Reproduce, exactly as they appear, the line containing "Губы как они есть" and every line after it, ending with the last line of the records.
----- DATASET RECORDS -----
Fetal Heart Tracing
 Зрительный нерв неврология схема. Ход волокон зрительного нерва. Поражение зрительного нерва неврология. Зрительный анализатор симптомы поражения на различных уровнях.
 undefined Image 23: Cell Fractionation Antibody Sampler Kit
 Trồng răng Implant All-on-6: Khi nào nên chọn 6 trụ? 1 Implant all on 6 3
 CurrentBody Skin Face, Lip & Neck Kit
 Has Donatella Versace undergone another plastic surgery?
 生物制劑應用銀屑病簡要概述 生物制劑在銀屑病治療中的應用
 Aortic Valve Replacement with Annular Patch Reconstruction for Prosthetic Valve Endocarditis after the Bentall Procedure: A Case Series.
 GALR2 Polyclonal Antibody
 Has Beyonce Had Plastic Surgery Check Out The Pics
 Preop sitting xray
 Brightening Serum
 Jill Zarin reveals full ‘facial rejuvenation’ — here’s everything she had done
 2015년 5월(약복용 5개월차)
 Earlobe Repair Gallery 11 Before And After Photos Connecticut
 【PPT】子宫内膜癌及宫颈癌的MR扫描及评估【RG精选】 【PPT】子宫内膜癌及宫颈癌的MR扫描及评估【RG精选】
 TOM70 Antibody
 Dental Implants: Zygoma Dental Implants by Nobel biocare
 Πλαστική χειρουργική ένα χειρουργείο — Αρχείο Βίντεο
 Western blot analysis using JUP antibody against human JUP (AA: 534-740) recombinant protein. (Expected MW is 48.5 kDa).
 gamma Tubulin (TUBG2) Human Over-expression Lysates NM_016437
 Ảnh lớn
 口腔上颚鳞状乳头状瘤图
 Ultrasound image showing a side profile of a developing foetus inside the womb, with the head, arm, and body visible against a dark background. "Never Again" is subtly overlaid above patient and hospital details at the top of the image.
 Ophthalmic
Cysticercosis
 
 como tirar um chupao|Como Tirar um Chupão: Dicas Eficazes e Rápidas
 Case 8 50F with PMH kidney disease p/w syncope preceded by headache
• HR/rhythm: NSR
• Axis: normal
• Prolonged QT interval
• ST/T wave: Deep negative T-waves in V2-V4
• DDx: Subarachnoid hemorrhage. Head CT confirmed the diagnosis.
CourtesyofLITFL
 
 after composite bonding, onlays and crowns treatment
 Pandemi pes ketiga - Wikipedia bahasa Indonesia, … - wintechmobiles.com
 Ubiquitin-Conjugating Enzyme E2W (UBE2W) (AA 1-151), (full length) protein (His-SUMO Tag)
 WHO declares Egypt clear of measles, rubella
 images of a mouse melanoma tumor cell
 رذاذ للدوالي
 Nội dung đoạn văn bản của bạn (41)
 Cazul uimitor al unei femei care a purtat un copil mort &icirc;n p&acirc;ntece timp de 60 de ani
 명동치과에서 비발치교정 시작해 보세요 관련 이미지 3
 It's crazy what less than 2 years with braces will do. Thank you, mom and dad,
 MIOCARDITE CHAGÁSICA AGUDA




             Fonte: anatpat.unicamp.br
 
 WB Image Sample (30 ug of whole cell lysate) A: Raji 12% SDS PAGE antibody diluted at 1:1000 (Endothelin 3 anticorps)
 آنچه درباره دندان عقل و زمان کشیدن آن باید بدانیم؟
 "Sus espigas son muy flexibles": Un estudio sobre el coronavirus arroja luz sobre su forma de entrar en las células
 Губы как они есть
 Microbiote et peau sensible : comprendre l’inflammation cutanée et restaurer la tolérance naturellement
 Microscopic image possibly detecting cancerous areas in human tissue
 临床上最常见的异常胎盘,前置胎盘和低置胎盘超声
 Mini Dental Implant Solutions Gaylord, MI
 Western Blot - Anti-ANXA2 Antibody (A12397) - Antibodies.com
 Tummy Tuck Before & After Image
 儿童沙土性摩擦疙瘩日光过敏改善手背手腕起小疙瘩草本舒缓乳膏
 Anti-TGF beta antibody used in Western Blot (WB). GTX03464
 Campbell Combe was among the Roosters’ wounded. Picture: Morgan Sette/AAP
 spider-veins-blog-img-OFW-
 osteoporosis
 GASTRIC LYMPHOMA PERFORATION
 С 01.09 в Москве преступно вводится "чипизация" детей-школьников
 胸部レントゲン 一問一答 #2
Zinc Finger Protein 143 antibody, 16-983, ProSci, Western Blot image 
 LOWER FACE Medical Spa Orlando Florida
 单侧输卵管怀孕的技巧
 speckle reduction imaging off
-----
TASK RESULT =
 Губы как они есть
 Microbiote et peau sensible : comprendre l’inflammation cutanée et restaurer la tolérance naturellement
 Microscopic image possibly detecting cancerous areas in human tissue
 临床上最常见的异常胎盘,前置胎盘和低置胎盘超声
 Mini Dental Implant Solutions Gaylord, MI
 Western Blot - Anti-ANXA2 Antibody (A12397) - Antibodies.com
 Tummy Tuck Before & After Image
 儿童沙土性摩擦疙瘩日光过敏改善手背手腕起小疙瘩草本舒缓乳膏
 Anti-TGF beta antibody used in Western Blot (WB). GTX03464
 Campbell Combe was among the Roosters’ wounded. Picture: Morgan Sette/AAP
 spider-veins-blog-img-OFW-
 osteoporosis
 GASTRIC LYMPHOMA PERFORATION
 С 01.09 в Москве преступно вводится "чипизация" детей-школьников
 胸部レントゲン 一問一答 #2
Zinc Finger Protein 143 antibody, 16-983, ProSci, Western Blot image 
 LOWER FACE Medical Spa Orlando Florida
 单侧输卵管怀孕的技巧
 speckle reduction imaging off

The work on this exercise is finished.